My instinct is to try to find some kind of heavy-duty sanding wheel for my dremel.  Do you think this will do the trick, or do I need a more powerful tool to grind and/or cut it down?

Thanks,
chris.


----------



## CraigFL

They make tile saws with diamond blades for things like that. I would find an installer that will cut them for you, rent a saw or buy a diamond blade for your circular saw. Your dremel tool will take you all day to do it....


----------



## Alabaster

It's just that only a sliver needs to come off, I figured sanding/grinding it down would be better than trying to cut it -- I'm not sure I can get that kind of precision with a circular saw.

Do you think this would do the trick?  http://www.amazon.com/dp/B00004UDIC/?tag=skimlinks_replacement-20

Thanks
chris.


----------



## ToolGuy

That would work. I'd say get it and do it. You can probably get the bit from your nearest home depot, lowes or similar big box store.


----------



## CraigFL

Alabaster said:


> It's just that only a sliver needs to come off, I figured sanding/grinding it down would be better than trying to cut it -- I'm not sure I can get that kind of precision with a circular saw.
> 
> Do you think this would do the trick?  http://www.amazon.com/dp/B00004UDIC/?tag=skimlinks_replacement-20
> 
> Thanks
> chris.



I have one and have used it to cut tile. Be aware it is VERY difficult to cut a straight, good looking edge with the bit. If you can make yourself some kind of guide when you're using it it will be possible. The difficulty is that the bit will either pull into the work or out of the work when you try to cut depending on the rotation and which way you're moving it. Unless you make a guide that you can push up against with the non-cutting part of the shaft, the edge will be scalloped and sloppy.  

Making a guide becomes a PITA especially when you can more easily buy a diamond blade for your circular saw like this for $13.00 :

http://www.harborfreight.com/cpi/ctaf/displayitem.taf?Itemnumber=95501

I know people hate Harbor Fright tools but a $13 blade for just a few cuts will work just fine...


----------



## Daryl in Nanoose

I just did a tile job with 19 inch x 39 inch tiles and needed a jig since renting a saw that big was a no go.

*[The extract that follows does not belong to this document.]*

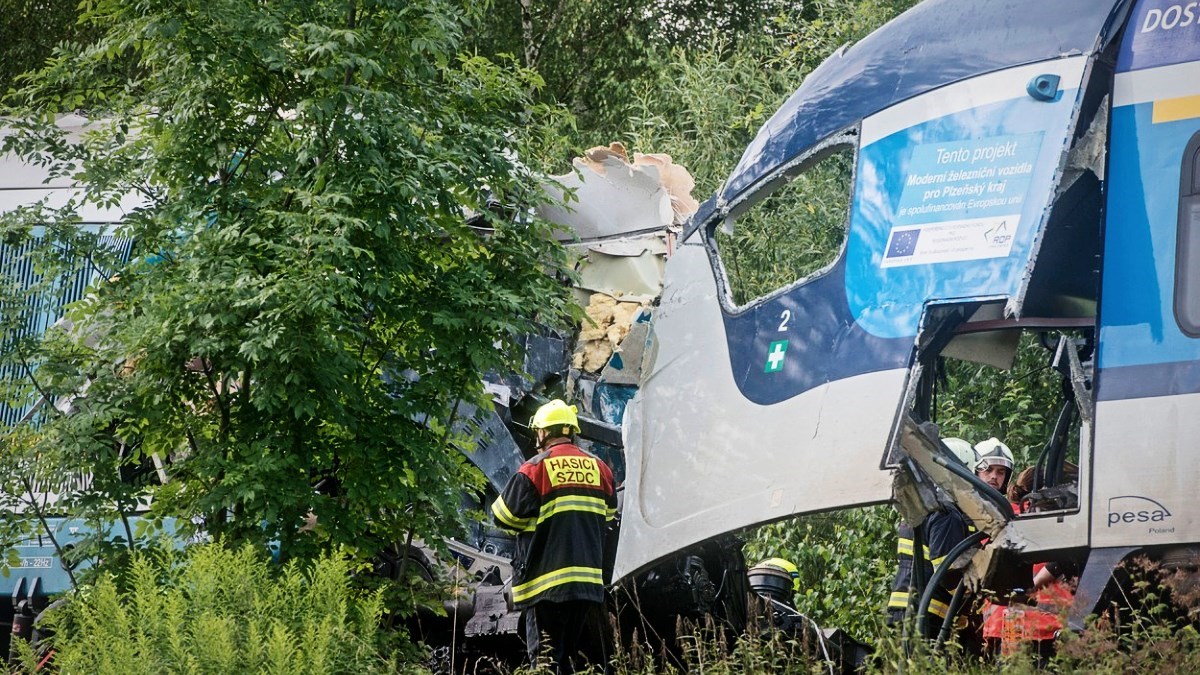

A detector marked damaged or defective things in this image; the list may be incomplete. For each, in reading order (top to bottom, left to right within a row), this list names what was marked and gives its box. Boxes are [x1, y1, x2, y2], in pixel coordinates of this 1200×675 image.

wrecked train car [619, 0, 1200, 629]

I made a fast simple jig using a piece of plywood, 2 1x2s and 2 small pieces of siding. I bought a $39.00  diamond blade for my skill saw and I was good to go. It worked like a charm.
Okay my drawing sucks but you get the idea.


----------



## walkaho

I have a slate floor that has a high spot where a door is dragging.  The door is big, heavy, and expensive, and I figured rather than chancing messing up the door by taking it and shaving it down I could just sand or grind down the high spot on the slate tile.  What is the best material to use for either grinding or sanding down a slate tile?  Or should I just chip away at it and then reseal it?


----------



## Daryl in Nanoose

Sorry but I personaly would not take a chance at sanding slate tile, I think you would be making a big mistake but that's just my opinion having worked with slate tile.


----------



## jdougn

walkaho said:


> I have a slate floor that has a high spot where a door is dragging.  The door is big, heavy, and expensive, and I figured rather than chancing messing up the door by taking it and shaving it down I could just sand or grind down the high spot on the slate tile.  What is the best material to use for either grinding or sanding down a slate tile?  Or should I just chip away at it and then reseal it?


It is much easier to cut down the door. If you sand or grind the floor (which is difficult and requires special tools) that area will always look different. Additionally, as weather  & humidity change the door may start touching the floor again. Now what do you do?

If necessary, find a pro to cut the door down for you or ask some friends with carpentry experience that'll come help out.
hth, Doug


----------